HeadlinesBriefing favicon HeadlinesBriefing.com

Rust‑Based CLI Lets AI Agents Automate Any Desktop App

Hacker News •
×

GitHub’s lahfir/agent-desktop project delivers a native desktop‑automation CLI aimed at AI agents. Written in Rust, it taps OS accessibility trees to observe and manipulate any GUI without screenshots or pixel matching. A single binary runs on macOS, Linux and Windows, exposing a structured JSON view of elements and deterministic references like @e1. This approach lets agents reason about UI state directly.

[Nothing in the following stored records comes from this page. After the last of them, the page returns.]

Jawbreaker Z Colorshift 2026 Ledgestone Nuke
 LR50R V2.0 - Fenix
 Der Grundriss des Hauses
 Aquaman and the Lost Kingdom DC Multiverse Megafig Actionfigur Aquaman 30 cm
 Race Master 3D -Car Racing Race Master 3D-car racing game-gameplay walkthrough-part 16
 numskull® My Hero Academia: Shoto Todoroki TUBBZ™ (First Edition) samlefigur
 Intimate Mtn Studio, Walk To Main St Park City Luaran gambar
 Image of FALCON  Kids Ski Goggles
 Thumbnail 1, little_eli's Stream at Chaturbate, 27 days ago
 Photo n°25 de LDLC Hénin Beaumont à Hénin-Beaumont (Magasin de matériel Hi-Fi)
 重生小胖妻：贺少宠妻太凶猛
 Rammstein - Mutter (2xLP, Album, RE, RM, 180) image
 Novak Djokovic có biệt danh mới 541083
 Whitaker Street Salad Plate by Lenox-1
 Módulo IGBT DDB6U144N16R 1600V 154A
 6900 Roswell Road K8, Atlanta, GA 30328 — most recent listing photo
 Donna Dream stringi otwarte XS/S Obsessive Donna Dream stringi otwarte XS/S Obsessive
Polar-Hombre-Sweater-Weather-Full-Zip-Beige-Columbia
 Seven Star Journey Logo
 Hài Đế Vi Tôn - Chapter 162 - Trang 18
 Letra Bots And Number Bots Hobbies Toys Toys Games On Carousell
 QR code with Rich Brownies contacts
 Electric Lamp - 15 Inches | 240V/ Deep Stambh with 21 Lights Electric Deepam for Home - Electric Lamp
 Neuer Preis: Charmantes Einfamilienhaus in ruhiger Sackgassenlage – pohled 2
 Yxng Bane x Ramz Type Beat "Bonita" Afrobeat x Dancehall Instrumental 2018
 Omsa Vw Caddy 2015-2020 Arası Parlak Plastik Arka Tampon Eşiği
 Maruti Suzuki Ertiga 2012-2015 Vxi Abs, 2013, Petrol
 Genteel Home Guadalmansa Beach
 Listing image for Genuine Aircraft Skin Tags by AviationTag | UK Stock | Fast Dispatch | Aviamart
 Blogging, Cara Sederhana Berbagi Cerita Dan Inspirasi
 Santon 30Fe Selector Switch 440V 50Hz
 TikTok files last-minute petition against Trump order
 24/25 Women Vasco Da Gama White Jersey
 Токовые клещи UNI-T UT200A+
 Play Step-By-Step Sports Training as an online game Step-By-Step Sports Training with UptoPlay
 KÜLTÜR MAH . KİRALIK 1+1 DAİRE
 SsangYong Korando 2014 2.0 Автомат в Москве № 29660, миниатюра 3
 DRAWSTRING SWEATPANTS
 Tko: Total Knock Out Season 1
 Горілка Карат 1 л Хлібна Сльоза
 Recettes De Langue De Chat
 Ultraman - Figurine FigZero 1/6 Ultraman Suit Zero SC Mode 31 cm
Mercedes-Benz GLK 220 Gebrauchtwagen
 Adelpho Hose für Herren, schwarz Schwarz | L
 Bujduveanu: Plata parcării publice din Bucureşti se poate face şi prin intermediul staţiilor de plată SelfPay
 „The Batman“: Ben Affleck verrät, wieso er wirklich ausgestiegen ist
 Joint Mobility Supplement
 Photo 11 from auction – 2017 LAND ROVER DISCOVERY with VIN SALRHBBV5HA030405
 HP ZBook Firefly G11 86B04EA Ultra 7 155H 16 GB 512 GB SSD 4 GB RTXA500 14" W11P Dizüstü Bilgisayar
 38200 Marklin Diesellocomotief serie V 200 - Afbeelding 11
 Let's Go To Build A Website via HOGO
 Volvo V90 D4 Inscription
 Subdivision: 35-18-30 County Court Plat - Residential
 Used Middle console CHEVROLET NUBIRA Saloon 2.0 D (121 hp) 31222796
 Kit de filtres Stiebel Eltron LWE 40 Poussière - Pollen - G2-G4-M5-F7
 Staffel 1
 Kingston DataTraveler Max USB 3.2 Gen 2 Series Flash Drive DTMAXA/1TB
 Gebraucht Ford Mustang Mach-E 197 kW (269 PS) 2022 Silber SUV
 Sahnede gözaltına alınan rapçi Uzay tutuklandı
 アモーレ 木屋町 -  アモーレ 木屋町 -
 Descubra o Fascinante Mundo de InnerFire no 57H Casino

Key features include a 53 commands surface, from observation and keyboard shortcuts to mouse drags and window management. The CLI ships a C‑ABI cdylib so languages such as Python, Swift, Go, Ruby or Node can load it in‑process, avoiding a fork per call. Progressive skeleton traversal offers 78–96% token reduction on dense apps by first returning a shallow overview then drilling into targeted regions.

Typical workflows snapshot the UI, let an LLM decide on an action, then issue a click, type or shortcut before resnapshotting. Prebuilt binaries install via npm (“npm i -g agent-desktop”) or from source, and macOS requires the Accessibility permission to run. By delivering machine‑readable responses with error codes, the tool enables reliable end‑to‑end automation for apps like Finder, Safari, Slack or Xcode.